The fields for contested mayoral races in Naperville, Wheaton and Downers Grove began taking shape Monday as the filing period for municipal elections began in several DuPage County communities.
The filing period in those three towns — as well as Aurora, where there is no mayoral opening, will close at the end of the day Nov. 26.
Here’s an early look at what’s happening:
Election filing began in Naperville with a high level of interest from nine candidates for four available city council seats and two candidates seeking to be the city’s next mayor.
Mayor Steve Chirico, who is rounding out his first term succeeding the late George Pradel, joined the line saying he’s ready to lead for another four years, working on priorities such as filling vacant commercial buildings, revitalizing the 5th Avenue area around the train station and keeping the city’s finances strong with debt reduction measures.

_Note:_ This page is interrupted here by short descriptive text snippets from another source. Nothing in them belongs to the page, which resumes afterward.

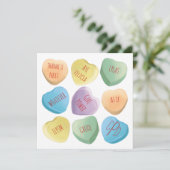 Valentijnsdag snoep hartjes met tekst feestdagenkaart (Staand voorkant)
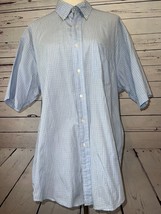 Brooks Brothers Shirt Large Plaid Cotton Blue Short Sleeve Button Front ... - $21.23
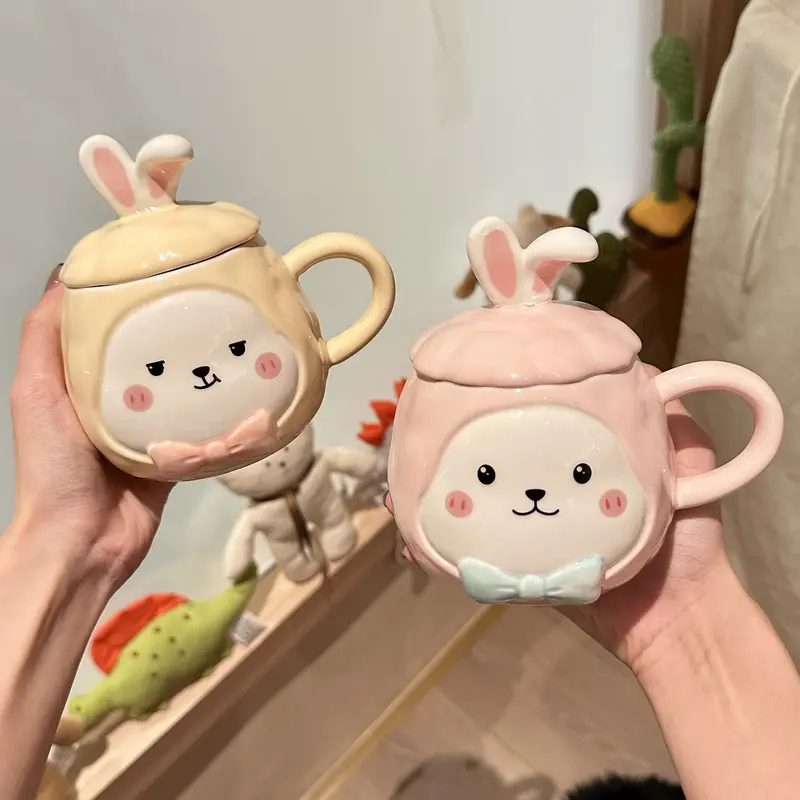 Ly cốc sứ có nắp đậy hình thỏ dễ thương 450ml, cốc uống nước có nắp đậy kèm thìa - TTB 0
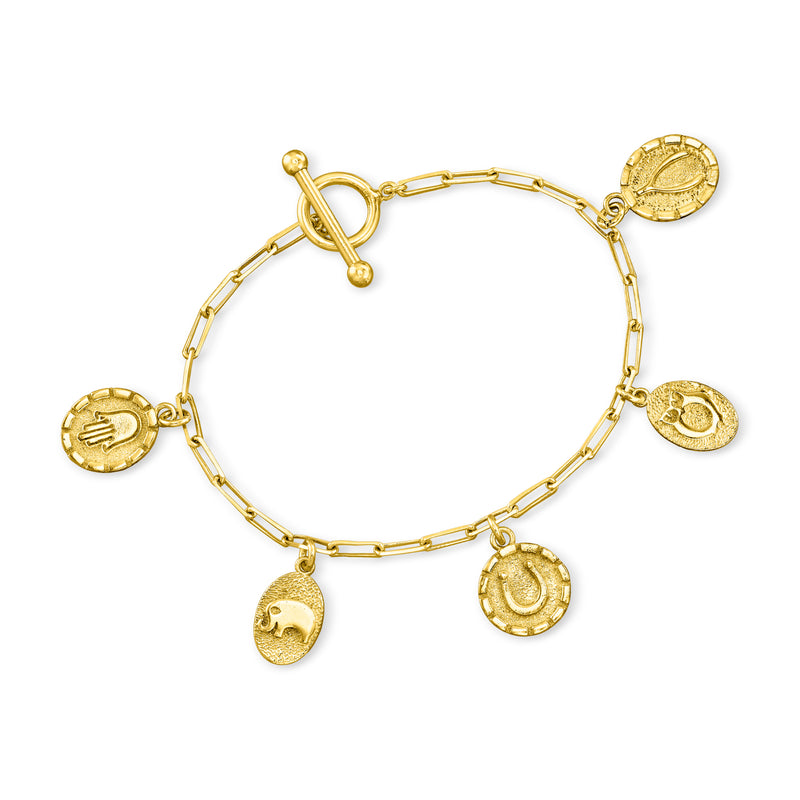 Gold-tone paper clip link charm bracelet with five lucky coin charms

Filing to oppose Chirico was Rocky Caylor, a Marine veteran who runs a consulting company with his wife and is CEO of a logistics firm in Joliet, who says he has experience building businesses, workforces and economies.
“For nearly two years, neighbors, friends and family have encouraged me to take a leadership role in Naperville and now just seems like the right time,” Caylor said in a news release.
Two sitting council members filed nominating petitions at 8 a.m. seeking to retain their seats, three-term council member Paul Hinterlong, and first-term member Patty Gustin.
Hinterlong’s filing came with wishes of “happy birthday” from city staff members. Gustin said she’s running to continue to support fiscal solvency, business growth and Naperville’s “families-first focus.”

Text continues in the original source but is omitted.